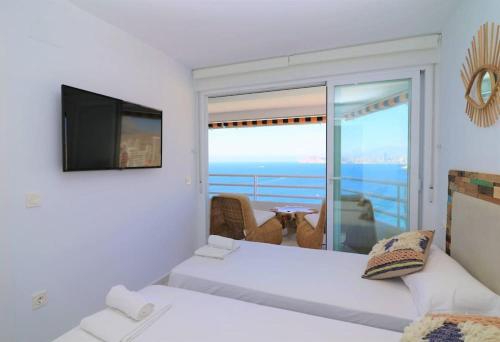 um quarto com uma cama, uma televisão e uma varanda em Magnificent and Luxury apartment at 22 floor and on the first line at Levante Beach beach em Benidorm
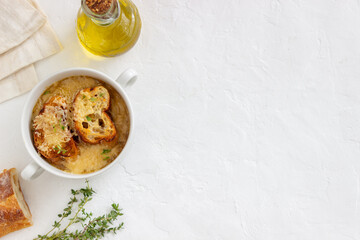 French onion soup with toasts and cheese. French cuisine. Vegetarian food.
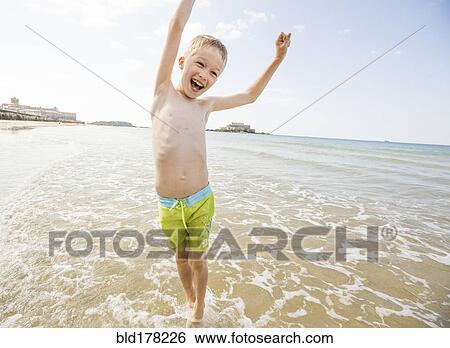 Stock Photograph - Caucasian boy playing in waves on beach. Fotosearch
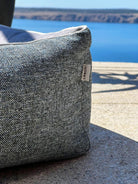 Graues Outdoor-Sitzkissen am Wasser, robustes Material, ideal für Terrasse oder Garten.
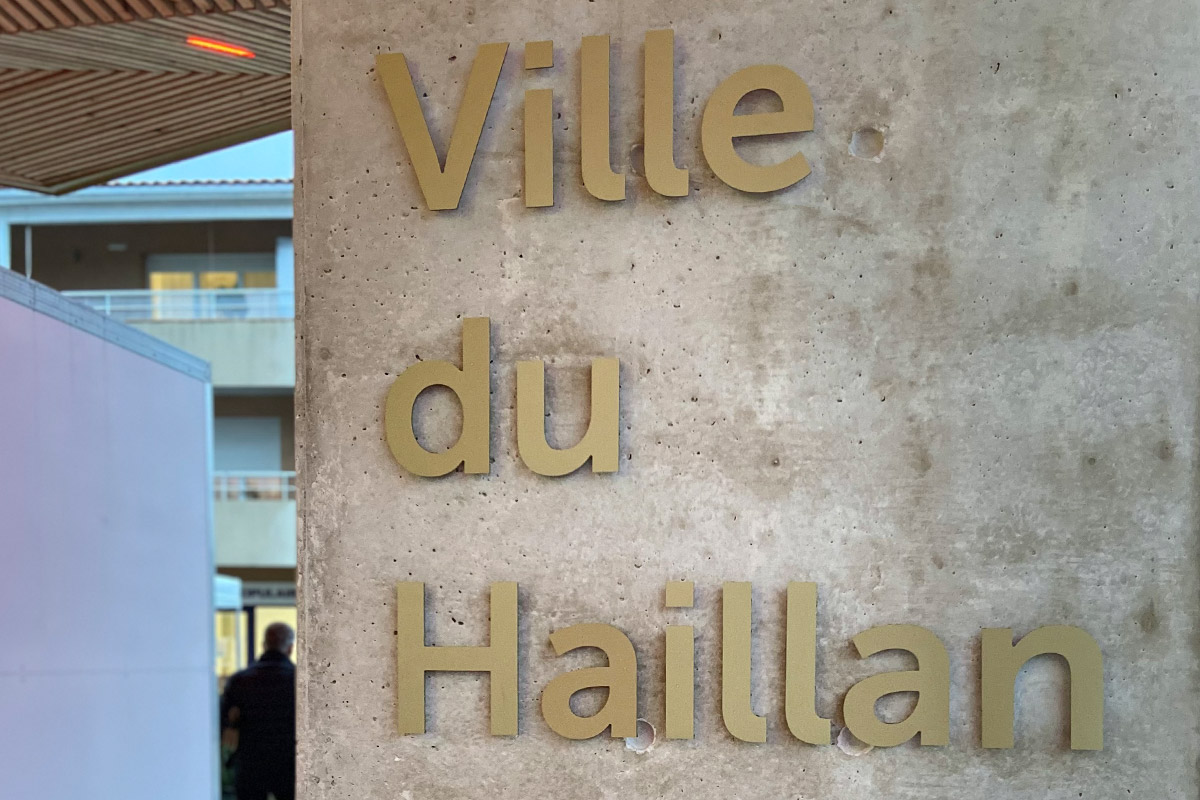 Lettrage doré présent sur le totem en béton de la nouvelle halle couverte du Haillan réalisée par l'agence bordelaise Bulle Architectes.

# # #

Without altering anything, output all the lines above but none of the images.

▸ Exercise output
 um quarto com uma cama, uma televisão e uma varanda em Magnificent and Luxury apartment at 22 floor and on the first line at Levante Beach beach em Benidorm
 French onion soup with toasts and cheese. French cuisine. Vegetarian food.
 Stock Photograph - Caucasian boy playing in waves on beach. Fotosearch
 Graues Outdoor-Sitzkissen am Wasser, robustes Material, ideal für Terrasse oder Garten.
 Lettrage doré présent sur le totem en béton de la nouvelle halle couverte du Haillan réalisée par l'agence bordelaise Bulle Architectes.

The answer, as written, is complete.